The C200 can record on to SD card and CFast 2.0. If you only want to record 4:2:0 8-bit MP4 files you can simply use SD cards as a medium and shoot Ultra HD with up to 60 frames per second with a bitrate of 150Mbps. But if you want full flexibility in post it’s best to record Cinema Raw Light in DCI 4K resolution on to a CFast card.
Even though the camera can shoot raw video it doesn’t mean recording MP4 is not recommended. I actually ended up filming a lot in Ultra HD with 50 frames per second because it’s convenient and fast and easy to edit in post. The bitrate is obviously not very high but I barely had issues when grading the C-Log footage.

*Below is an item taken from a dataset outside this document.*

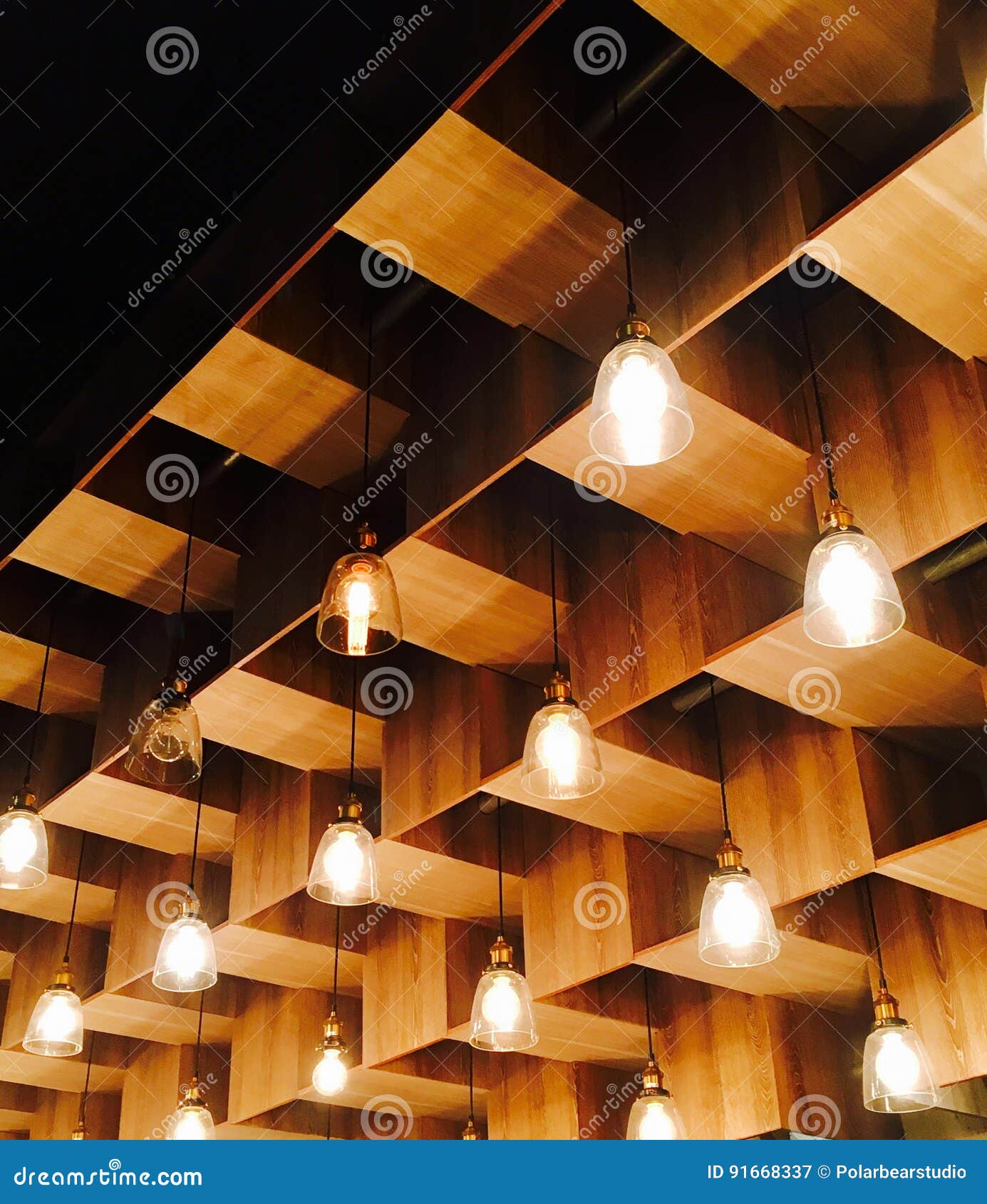 Wooden Ceiling Pattern With Lighting Interior Design Stock Image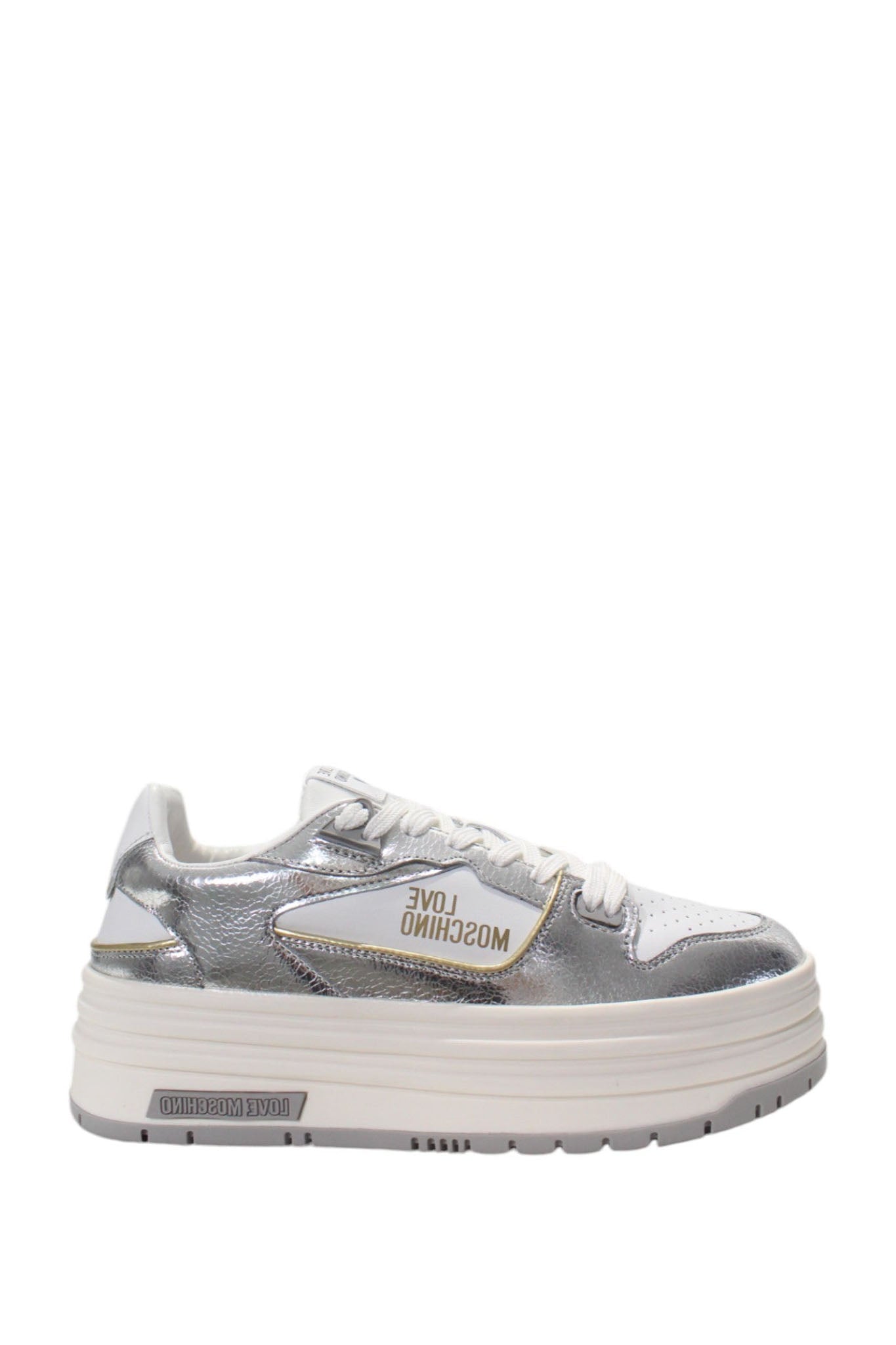 Platform Sneaker - Silver White by Love Moschino | 25 South Boutiques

It also has the option to record 120 frames per second in 1080p. The results are quite good but the image is soft, lacks details and sometimes has aliasing issues. But it’s definitely usable and still much better than what other cameras deliver. Besides the slow motion recording it can also record timelapses simply by setting an interval in the menu.
The Canon C200 is one of the most well-designed documentary and commercial cameras out there. The ergonomics are great and the overall feel when operating the camera is what most other cameras are lacking. There’s no search for buttons because they are all positioned in a way that makes sense to someone who needs to shoot all day.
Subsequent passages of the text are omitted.